City of Port Arthur v. Sanderson, 09-91-063

Citation810 S.W.2d 476
Decision Date13 June 1991
Docket NumberNo. 09-91-063,09-91-063
PartiesThe CITY OF PORT ARTHUR, Texas, Relator, v. The Honorable Gary SANDERSON, Respondent. CV.
CourtCourt of Appeals of Texas

Kent M. Adams, Beaumont, for relator.

Glen W. Morgan, Richard Clarkson, Reaud, Morgan & Quinn, Beaumont, for respondent.

Before WALKER, C.J., and BROOKSHIRE and BURGESS, JJ.

OPINION

BURGESS, Justice.

This is a writ of mandamus action. David and Barbara Miller (Millers) filed suit against the City of Port Arthur, Texas (Port Arthur) and others to seek recovery for the death of their child. The Millers' vehicle was attempting to cross a single lane bridge with wooden slats when the car slid off the roadway and flipped on its side. The child was thrown from the vehicle and the Millers allege the death of their son was caused by the negligence of Port Arthur and others.

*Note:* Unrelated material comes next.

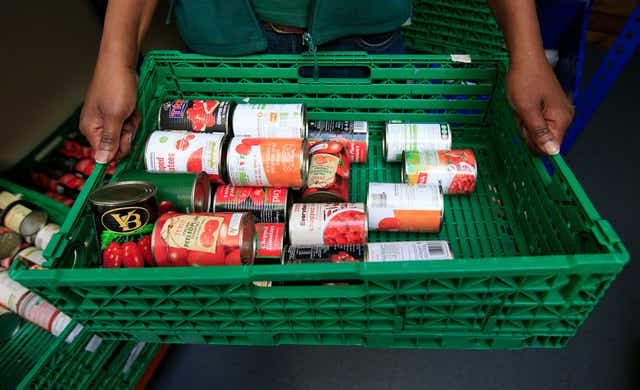 <p>Benefit deductions are forcing some families to use food banks, MPs say (Jonathan Brady/PA)</p>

In 1987, the Millers sent a discovery request seeking information regarding Port Arthur's experts. Specifically they were asked to identify by occupation all the expert witnesses which it intended to call to testify along with copies of the experts' reports. In November 1987, Port Arthur answered by listing Charles Ruble as an expert in accident and reconstruction (sic) and attached a copy of his report. On January 31, 1991, Port Arthur filed their Defendant's Supplemental Responses to Discovery listing 57 fact witness and 23 expert witness, including Dr. Olin Dart and Dr. David Frauste. The designation of both consisted solely of their names and addresses; no occupation was listed, nor were any reports attached. The Millers filed a motion to strike the designation of both. The trial court orally granted the motion. Port Arthur filed a motion for the trial court to reconsider. On March 1, 1991, the court heard that motion; denied it and signed the order granting the Millers' motion to strike Port Arthur's experts. That same day, Port Arthur filed its motion for leave to file petition for writ of mandamus. This court, one justice dissenting, granted the motion for leave and stayed the trial court proceedings. TEX.R.APP.P. 121(c), (d). We now deny the petition for mandamus.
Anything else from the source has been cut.